Вот первый фрагмент: "Огромные толпы пленных тянулись на запад по обочинам дороги. В изодранных шинелях, босые, с изможденными землистого цвета лицами, медленно брели тысячные толпы людей. Пленных почти не охраняли, два казака гнали две-три тысячи. Партии пленных, в значительном числе состоявших из больных, оставляли за собой большое количество отсталых. Выбившись из сил, больные люди падали тут же на грязной дороге и оставались лежать, безропотно ожидая смерти, другие пытались еще искать спасения, подымались и шли далее, шатаясь и падая, пока, окончательно выбившись из сил, не теряли сознание. Двое таких несчастных, перейдя предел человеческих страданий, бросились под колеса нашего поезда...." (Источник)
Вот второй: "Освобожденный от красного ига Терек подымался. Станицы, через которые мы проезжали, кишели народом. Скакали спешившие на сбор к станичному правлению казаки. Шли в праздничных нарядах статные, красивые казачки. На околице одной из станиц мы встретили человек пять казачат с винтовками. Автомобиль завяз в грязи, и пока подоспевшие казаки его вытаскивали, я разговорился с казачатами:
— Куда идете, хлопцы?
— Большевиков идем бить, тут много их по камышу попряталось, як их армия бежала. Я вчерась семерых убил, — в сознании совершенного подвига заявил один из хлопцев, казаченок лет двенадцати, в бешмете и огромной мохнатой папахе.
Никогда за все время междоусобной брани передо мной не вставал так ярко весь ужас братоубийственной войны..." (Там же)

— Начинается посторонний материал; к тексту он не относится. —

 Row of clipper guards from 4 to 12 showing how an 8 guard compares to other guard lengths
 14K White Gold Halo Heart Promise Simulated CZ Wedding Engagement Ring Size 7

И подумалось вот о чём. Ведь это - тот самый Врангель, которому хватило нескольких часов, проведённых в большевистских застенках, чтобы всеми фибрами души возненавидеть советскую власть. Тот самый Врангель, которому молва упрямо приписывает авторство знаменитого афоризма "Хоть с чёртом, лишь бы против большевиков", тот самый Врангель, который не стеснялся называть большевиков врагами своего Отечества, всё же мог разглядеть в них людей. Разбитые и умирающие от тифа красноармейцы вызывают у него острый приступ сострадания, они для него больше не враги, они - "несчастные". И он искренне приходит в ужас от того, что мальчишки-подростки хвастаются своим участием в убийствах попрятавшихся в камышах и явно безоружных красных.
Большевики подобной непримиримостью собственных детей к "классовым врагам" зачастую открыто гордились. Но Врангель был христианином. И даже в атмосфере всеобщего ожесточения Гражданской войны, даже после виденных им картин большевистского террора, он не забыл об этом своём звании, равно как и о том, какие обязанности звание христианина налагает на человека.